Recruitment trade bodies welcome response to Taylor Review on flexible working

Gig economy

Recruitment industry trade bodies have broadly welcomed proposals announced by government in their response to last summer’s Taylor Review into modern working practices.

Government plans, announced this morning, include a raft of new rights for the UK’s flexible workforce, as well as much stiffer penalties for firms that breach contracts or mistreat workers, while announcing further consultations on the future of the UK workforce.

Responding to this morning’s recommendations, Recruitment & Employment Confederation CEO Kevin Green welcomed these consultations.

Green said: “We are very pleased to see that the government is working towards more consistency and transparency around the rights and status of people working in the gig economy. This is something that is much needed to level the playing field so gig workers get the same rights as agency workers receive, such as holiday and sick pay.”

But he expressed disappointment that government had not made a decision around improving the Apprenticeship Levy by turning it into a broader training levy, adding more clarity is needed on some of the points government has raised, including the definition of zero-hour contracts and if agency workers are included. 

“We also need to know when exactly people are eligible to request a contract and if additional paperwork around this will mean more bureaucracy and therefore a greater burden. In addition, the government’s reform plans should not apply only to Swedish Derogation but instead should open up all parts of the Agency Workers Regulations for review.”

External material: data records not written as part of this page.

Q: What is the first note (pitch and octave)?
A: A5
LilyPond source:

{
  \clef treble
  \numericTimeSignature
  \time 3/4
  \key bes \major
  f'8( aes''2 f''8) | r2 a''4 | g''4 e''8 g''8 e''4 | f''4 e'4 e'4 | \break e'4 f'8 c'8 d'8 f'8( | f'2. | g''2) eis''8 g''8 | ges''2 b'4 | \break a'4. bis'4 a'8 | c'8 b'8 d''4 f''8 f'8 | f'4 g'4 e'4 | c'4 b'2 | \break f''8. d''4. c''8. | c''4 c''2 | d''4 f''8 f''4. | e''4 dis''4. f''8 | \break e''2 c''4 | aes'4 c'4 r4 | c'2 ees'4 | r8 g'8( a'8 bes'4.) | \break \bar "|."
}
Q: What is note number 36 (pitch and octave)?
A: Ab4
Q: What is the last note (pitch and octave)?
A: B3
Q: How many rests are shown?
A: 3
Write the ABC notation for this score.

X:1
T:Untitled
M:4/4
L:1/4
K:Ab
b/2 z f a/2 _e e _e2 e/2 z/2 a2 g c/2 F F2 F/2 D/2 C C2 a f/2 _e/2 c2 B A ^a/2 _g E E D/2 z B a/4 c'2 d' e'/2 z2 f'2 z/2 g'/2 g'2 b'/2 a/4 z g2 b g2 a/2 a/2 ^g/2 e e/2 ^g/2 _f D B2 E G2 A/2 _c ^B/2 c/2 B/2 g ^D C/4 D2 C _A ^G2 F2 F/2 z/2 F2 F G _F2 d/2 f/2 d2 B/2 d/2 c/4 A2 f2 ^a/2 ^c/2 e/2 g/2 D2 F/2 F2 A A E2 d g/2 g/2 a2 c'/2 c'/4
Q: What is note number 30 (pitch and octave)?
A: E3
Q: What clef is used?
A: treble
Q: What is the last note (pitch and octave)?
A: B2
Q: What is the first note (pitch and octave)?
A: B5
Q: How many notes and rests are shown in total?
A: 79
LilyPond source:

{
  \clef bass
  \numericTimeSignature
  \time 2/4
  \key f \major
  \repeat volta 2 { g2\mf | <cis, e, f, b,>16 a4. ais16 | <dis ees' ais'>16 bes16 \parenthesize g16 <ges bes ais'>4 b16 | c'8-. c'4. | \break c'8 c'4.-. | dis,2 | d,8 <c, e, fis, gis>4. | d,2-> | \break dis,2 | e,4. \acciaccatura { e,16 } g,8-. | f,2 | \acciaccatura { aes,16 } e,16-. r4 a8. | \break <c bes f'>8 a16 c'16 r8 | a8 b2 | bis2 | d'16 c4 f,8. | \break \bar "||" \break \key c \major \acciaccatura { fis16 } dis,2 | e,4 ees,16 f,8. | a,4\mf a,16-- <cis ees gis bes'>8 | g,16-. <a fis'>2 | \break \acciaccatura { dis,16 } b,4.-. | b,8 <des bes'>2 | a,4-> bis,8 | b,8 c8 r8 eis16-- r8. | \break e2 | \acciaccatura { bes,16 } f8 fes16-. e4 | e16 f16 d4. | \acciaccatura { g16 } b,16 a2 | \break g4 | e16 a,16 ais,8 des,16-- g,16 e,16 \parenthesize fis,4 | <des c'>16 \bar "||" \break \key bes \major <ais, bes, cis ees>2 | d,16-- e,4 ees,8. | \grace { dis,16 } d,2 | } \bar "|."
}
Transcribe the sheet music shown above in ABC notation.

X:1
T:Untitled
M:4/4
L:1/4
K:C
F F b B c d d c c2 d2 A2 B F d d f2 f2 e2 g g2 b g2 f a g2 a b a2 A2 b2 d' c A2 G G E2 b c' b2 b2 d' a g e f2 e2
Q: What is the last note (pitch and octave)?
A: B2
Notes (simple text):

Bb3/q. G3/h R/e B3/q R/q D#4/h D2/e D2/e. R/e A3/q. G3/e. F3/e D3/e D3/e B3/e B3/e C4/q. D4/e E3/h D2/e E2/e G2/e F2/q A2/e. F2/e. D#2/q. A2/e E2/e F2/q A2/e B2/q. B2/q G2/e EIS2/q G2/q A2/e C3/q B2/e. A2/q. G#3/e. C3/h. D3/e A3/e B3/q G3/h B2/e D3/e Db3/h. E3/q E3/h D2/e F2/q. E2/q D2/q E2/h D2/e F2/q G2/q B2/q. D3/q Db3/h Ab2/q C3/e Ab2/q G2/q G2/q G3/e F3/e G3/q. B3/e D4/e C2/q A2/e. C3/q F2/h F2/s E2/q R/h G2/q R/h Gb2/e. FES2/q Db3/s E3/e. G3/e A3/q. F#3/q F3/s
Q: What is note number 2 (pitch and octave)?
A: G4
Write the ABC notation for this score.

Tania Bowers, general counsel at APSCo, said the organisation is “very supportive” about the government’s desire for clarity particularly on employment status and how this is aligned to tax status, workers’ rights and entitlements and the differentiation between employed, workers and self-employed. 
 
“The employment status consultation, in particular, which will be open for 16 weeks, is extremely broad, complex and ambitious. As we stressed when we gave evidence during the Taylor Review, many of our members supply independent contractors – and it is vital that working in this way remains an attractive option for highly skilled consultants who drive much of the dynamism and flexibility in the economy. 

“We hope that the outcome of this exercise offers greater clarity so that these professionals can supply their services without the current level of confusion over their employment and tax status.”

Also commenting, Julia Kermode, CEO of trade association The Freelancer & Contractor Services Association (FCSA), said: “We are glad to see no move here, although the elephant in the room is still the fact that hirers do not pay employers’ NICs when they engage self-employed people, which can be a driver towards poor practice, particularly in sectors where margins and overheads are squeezed. There has been an increase in tribunals where self-employed people are challenging their employment status, and without some action to address the poor practices that exploit vulnerable workers then this is only set to continue.

“For that reason we very much welcome the proposed consultation on employment status, and we hope it will bring much-needed clarity to the different statuses in which people are engaged.”

Kermode added the FCSA welcomed government’s plan to provide agency workers with a clear breakdown of who pays them and any costs or charges deducted from their wages.

But employment lawyer Christopher Tutton, a partner at law firm Constantine Law, warns the devil will be in the detail in terms of how the government’s plans will work on a practical level.

“The announcement sets out some measures now which will be welcome news for agency workers. In particular there will be a right for all workers (including agency workers) to request a ‘more stable contract’, with the aim of providing more financial security for those on flexible contracts. What this is likely to involve is a right for workers to request moving on to a permanent contract, and then an obligation to consider (but not agree) this on the part of the engager. Further details are needed to understand how this will work on a practical level.”

Commenting on the impending consultations, Sybille Steiner, partner solicitor at law firm Irwin Mitchell, told Recruiter the consultation on agency workers recommendations will be of particular interest to agency recruiters. 

“The government’s announcement has not set any end dates for the consultations yet. The possible consequences of the government’s proposed reforms will become clearer once the consultations have concluded and Parliament announces its draft legislation. Based on the government’s announcement, it is likely that there will be penalties for non-compliance but the details of these penalties are not clearly defined in the government’s announcement.”